=== Begin Enclosure ===

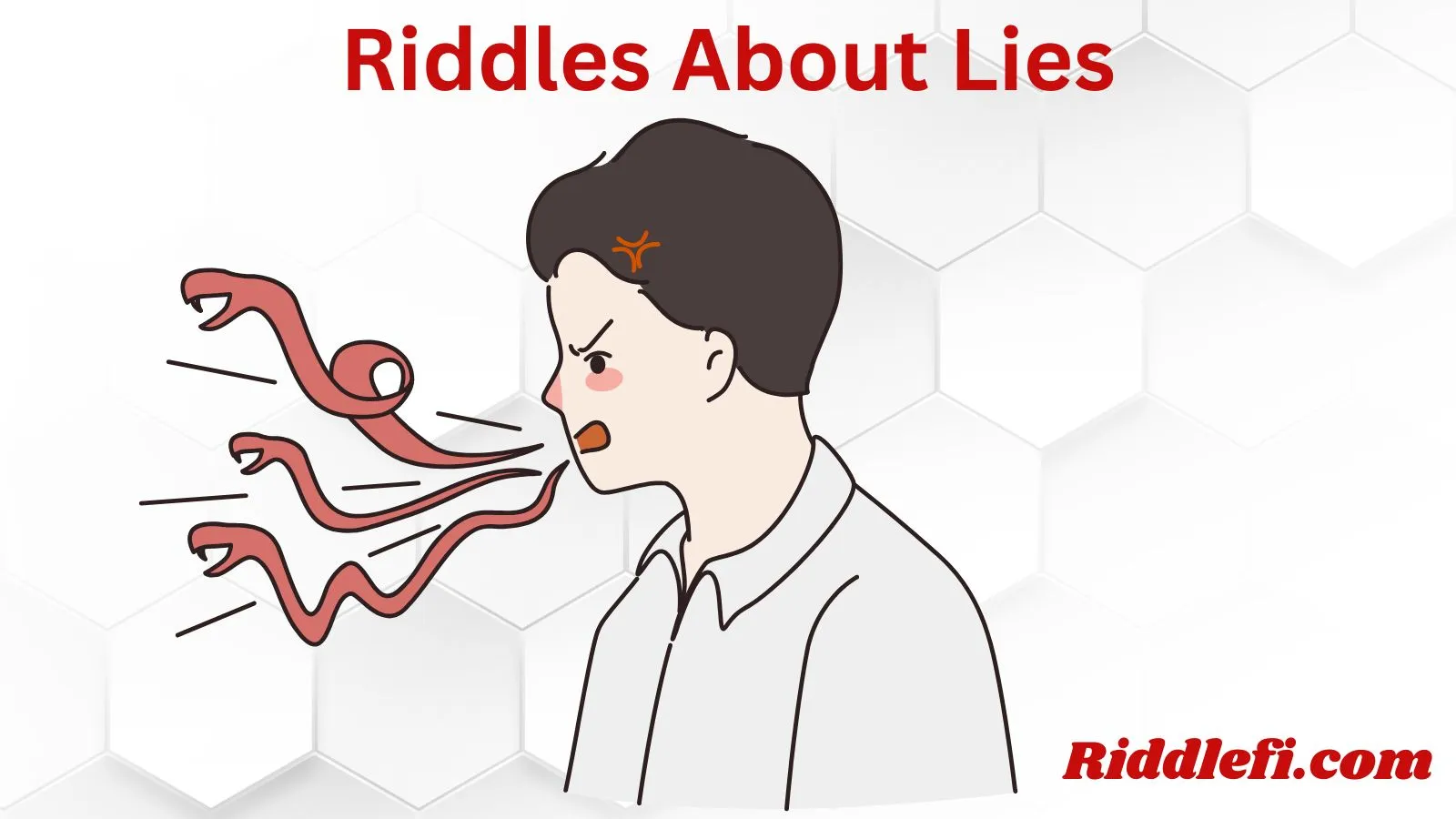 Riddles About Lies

=== End Enclosure ===
=== Begin Enclosure ===

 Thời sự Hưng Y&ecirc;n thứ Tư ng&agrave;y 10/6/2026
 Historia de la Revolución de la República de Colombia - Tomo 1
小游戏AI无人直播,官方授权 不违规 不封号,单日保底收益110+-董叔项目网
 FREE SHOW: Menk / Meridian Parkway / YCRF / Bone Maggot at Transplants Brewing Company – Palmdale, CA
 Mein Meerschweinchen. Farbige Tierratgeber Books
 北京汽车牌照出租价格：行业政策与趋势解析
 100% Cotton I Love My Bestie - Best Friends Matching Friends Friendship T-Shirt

=== End Enclosure ===

Required work: For this exercise, repeat exactly the lines of the data above from the one with "FREE SHOW: Menk" down to the one with "100% Cotton I", both end lines included.

Answer to the exercise:
 FREE SHOW: Menk / Meridian Parkway / YCRF / Bone Maggot at Transplants Brewing Company – Palmdale, CA
 Mein Meerschweinchen. Farbige Tierratgeber Books
 北京汽车牌照出租价格：行业政策与趋势解析
 100% Cotton I Love My Bestie - Best Friends Matching Friends Friendship T-Shirt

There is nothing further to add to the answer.